Animation and music have always had a close relationship, but it’s only recently that I heard it put explicitly by composer Mark Watters, who is director of the Beal Institute for Film Music and Contemporary Media at Eastman, that animation depends on music to fully give it life.
Here’s an experiment to try: watch some of your favorite animated movies or shows without the music. Does it change your perception? Wait…are you actually just still adding the music in your mind? Perhaps you need to find something animated that you don’t already know so well.
But before you go too far down that rabbit hole, I don’t want to lose track of what I started here: the latest CD Spotlight that you’ll be hearing on WXXI Classical is a symphonic celebration of the music of Joe Hisaishi, released earlier this year on Deutsche Grammophon.
If you’ve had your heart and your imagination captured by the animated films of Hayao Miyazaki (Kiki, Totoro, Spirited Away, Howl’s Moving Castle), you were also falling under the spell of Joe Hisaishi’s music. Their collaboration began with the 1984 film, “Nausicaä of the Valley of the Wind” and has continued through about a dozen movies, spanning close to 40 years.
Hisaishi speaks about his intense, years-long collaborations with Miyazaki on each of these films in a recent interview here:
I’ve been in love from first seeing “Kiki’s Delivery Service,” on a scratchy millionth-generation fan-subtitled VHS at a comic book store in high school, to experiencing “Princess Mononoke” when it made it to American theaters with English dubbing (in a translation by Neil Gaiman!), to a surprise encounter with a $1 screening of “My Neighbor Totoro” in Traverse City, Michigan while on vacation with my in-laws. And then I've caught others when I can, whether on the big or small screen.

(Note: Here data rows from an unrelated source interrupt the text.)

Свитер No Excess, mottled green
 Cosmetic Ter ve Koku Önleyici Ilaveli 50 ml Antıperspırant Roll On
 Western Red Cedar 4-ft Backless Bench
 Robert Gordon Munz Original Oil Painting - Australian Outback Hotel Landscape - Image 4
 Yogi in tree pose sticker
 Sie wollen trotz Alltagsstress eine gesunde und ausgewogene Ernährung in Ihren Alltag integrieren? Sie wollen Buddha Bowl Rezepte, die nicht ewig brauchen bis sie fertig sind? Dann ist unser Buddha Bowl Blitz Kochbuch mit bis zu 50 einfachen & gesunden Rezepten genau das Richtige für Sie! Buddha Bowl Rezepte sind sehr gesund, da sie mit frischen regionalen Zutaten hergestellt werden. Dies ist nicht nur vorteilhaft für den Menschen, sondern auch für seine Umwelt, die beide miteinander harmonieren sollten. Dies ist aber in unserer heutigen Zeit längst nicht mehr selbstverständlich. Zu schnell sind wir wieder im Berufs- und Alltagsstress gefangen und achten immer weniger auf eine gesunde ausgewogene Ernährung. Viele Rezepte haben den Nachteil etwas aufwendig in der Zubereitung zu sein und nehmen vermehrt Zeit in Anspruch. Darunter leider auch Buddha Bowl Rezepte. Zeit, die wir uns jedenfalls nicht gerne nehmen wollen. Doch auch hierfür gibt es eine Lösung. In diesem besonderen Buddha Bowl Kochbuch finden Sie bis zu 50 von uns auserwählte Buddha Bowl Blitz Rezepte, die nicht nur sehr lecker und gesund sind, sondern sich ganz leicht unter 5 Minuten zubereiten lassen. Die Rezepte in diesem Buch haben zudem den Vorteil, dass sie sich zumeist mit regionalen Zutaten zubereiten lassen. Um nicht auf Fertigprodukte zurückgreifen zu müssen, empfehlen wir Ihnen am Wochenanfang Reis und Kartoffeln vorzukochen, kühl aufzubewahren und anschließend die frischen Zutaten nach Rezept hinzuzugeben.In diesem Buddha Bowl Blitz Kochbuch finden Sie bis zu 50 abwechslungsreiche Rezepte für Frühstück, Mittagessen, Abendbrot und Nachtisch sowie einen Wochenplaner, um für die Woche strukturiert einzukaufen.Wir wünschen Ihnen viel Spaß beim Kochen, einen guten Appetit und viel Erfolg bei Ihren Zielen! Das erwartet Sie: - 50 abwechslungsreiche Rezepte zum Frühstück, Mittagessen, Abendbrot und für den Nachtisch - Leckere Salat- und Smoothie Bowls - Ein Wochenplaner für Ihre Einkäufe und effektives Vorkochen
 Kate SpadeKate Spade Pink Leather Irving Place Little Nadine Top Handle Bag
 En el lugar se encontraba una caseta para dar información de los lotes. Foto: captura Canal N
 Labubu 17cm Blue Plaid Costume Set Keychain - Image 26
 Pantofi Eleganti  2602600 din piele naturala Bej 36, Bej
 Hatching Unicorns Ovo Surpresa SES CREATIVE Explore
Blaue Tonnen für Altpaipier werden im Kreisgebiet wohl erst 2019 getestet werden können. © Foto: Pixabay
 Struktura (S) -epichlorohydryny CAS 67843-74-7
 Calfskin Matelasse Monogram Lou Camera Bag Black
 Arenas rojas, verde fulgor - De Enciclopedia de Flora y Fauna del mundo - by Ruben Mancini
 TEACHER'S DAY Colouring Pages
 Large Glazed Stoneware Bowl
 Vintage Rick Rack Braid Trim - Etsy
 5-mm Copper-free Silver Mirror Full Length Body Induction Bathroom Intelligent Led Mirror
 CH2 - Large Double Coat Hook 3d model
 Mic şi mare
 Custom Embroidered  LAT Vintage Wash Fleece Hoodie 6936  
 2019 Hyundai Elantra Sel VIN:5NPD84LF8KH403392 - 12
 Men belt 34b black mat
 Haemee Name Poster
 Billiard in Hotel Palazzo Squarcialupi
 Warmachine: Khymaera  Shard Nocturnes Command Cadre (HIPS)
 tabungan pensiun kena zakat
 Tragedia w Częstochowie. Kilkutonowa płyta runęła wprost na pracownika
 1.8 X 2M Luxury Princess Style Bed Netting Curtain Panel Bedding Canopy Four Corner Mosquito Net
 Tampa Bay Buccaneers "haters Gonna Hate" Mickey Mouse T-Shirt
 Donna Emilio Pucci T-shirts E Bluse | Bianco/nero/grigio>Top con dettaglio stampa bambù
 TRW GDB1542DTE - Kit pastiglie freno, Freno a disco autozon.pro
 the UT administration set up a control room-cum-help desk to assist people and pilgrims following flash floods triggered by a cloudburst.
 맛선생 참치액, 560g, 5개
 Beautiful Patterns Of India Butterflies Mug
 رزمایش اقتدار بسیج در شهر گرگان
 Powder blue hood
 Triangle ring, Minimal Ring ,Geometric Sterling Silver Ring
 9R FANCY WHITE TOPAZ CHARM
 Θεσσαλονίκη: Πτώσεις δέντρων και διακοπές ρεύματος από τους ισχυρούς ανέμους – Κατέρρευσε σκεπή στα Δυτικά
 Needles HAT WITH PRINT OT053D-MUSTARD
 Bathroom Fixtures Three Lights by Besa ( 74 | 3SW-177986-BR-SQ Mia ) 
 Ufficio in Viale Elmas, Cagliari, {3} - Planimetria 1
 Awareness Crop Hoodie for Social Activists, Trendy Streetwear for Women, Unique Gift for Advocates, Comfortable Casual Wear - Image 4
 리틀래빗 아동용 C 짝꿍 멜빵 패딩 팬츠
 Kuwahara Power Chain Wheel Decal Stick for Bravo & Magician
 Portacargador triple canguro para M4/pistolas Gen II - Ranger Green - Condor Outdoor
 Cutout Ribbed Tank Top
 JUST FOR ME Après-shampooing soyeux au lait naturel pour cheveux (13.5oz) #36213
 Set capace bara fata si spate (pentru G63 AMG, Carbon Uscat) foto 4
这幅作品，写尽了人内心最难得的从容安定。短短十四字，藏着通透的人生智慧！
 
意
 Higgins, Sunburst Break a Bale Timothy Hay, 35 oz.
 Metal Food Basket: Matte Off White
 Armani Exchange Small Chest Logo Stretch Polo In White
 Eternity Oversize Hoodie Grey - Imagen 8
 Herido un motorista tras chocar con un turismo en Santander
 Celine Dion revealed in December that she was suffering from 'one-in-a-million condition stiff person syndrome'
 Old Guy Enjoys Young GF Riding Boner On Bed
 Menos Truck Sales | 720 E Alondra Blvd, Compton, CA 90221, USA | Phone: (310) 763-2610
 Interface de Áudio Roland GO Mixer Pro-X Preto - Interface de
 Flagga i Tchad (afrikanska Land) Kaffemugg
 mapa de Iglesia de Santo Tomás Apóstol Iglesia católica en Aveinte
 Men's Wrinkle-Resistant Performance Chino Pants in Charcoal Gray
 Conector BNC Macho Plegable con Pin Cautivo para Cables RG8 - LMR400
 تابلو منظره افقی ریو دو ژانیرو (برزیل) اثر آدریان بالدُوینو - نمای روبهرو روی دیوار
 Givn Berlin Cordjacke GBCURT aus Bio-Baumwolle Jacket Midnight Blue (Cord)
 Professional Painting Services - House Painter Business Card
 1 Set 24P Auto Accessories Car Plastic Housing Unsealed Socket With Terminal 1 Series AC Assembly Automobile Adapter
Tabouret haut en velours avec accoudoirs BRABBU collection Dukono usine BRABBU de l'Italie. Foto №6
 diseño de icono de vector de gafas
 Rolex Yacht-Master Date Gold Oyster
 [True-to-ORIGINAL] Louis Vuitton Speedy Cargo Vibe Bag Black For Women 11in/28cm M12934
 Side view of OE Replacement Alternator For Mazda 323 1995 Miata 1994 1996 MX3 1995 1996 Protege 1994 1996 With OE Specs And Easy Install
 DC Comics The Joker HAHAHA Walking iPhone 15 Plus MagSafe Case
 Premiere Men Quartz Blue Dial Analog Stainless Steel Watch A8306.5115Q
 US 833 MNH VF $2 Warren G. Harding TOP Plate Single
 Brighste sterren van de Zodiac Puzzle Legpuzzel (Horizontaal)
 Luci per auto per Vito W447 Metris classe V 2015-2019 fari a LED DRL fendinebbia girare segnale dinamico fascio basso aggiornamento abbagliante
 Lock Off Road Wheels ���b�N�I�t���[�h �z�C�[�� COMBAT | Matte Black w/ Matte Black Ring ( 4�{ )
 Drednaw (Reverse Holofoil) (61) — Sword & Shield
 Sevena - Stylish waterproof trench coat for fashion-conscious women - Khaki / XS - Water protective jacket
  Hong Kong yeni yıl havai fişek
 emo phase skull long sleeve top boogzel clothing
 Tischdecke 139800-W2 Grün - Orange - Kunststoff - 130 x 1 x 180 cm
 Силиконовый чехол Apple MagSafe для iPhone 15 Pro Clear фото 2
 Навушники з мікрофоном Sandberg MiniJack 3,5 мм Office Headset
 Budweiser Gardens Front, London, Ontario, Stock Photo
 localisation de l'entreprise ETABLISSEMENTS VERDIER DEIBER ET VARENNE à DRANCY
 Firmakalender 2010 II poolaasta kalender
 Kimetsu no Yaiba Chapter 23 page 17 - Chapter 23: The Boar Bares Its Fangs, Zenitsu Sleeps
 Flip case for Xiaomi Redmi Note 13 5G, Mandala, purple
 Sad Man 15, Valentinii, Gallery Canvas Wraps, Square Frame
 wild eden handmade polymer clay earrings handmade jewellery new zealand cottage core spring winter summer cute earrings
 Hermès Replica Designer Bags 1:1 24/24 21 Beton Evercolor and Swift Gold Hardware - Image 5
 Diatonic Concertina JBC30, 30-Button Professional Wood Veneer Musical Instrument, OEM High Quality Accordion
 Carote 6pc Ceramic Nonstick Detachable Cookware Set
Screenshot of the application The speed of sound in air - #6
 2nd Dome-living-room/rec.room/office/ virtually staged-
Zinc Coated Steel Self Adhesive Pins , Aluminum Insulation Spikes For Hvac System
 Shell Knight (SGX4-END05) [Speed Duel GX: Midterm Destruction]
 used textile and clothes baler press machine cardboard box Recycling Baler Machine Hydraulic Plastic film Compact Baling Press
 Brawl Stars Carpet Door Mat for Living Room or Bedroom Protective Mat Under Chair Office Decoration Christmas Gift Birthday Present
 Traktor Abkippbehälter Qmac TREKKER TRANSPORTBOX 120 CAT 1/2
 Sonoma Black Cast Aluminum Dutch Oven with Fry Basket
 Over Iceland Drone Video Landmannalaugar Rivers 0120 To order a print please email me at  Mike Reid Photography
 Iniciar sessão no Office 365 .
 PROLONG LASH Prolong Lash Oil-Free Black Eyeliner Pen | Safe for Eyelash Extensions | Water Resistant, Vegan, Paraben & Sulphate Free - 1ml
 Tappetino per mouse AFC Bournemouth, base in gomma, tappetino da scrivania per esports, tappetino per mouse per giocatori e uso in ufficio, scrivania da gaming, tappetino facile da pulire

I thought I had seen my last new Miyazaki film when I caught “The Wind Rises” at Tinseltown a few years ago, but the retirement that he announced at that time didn’t stick. He has made a new movie, with Joe Hisaishi writing the score: “The Boy and the Heron” is just about to be released. It will be at The Little in Rochester starting December 8th (with both dubbed and subbed options).
I suppose this has been short on details of this recording. I struggle to describe the dreamy, nostalgic, evocative, whimsical music without resulting to clichés, and it deserves better than that. Tune it to hear these recordings on the radio over the next couple weeks, cue up one of the films he scored for Miyazaki or others, and check out the album here. I only regret that I didn’t order the one with the bonus tracks…or one of those pretty pretty LP sets.
And then, who is up for a road trip? Toronto? Joe Hisaishi is conducting the Toronto Symphony Orchestra in his music in a series of concerts June 20-22. They’re already close to sold out, but then his music will fill Madison Square Garden in NYC later in the summer.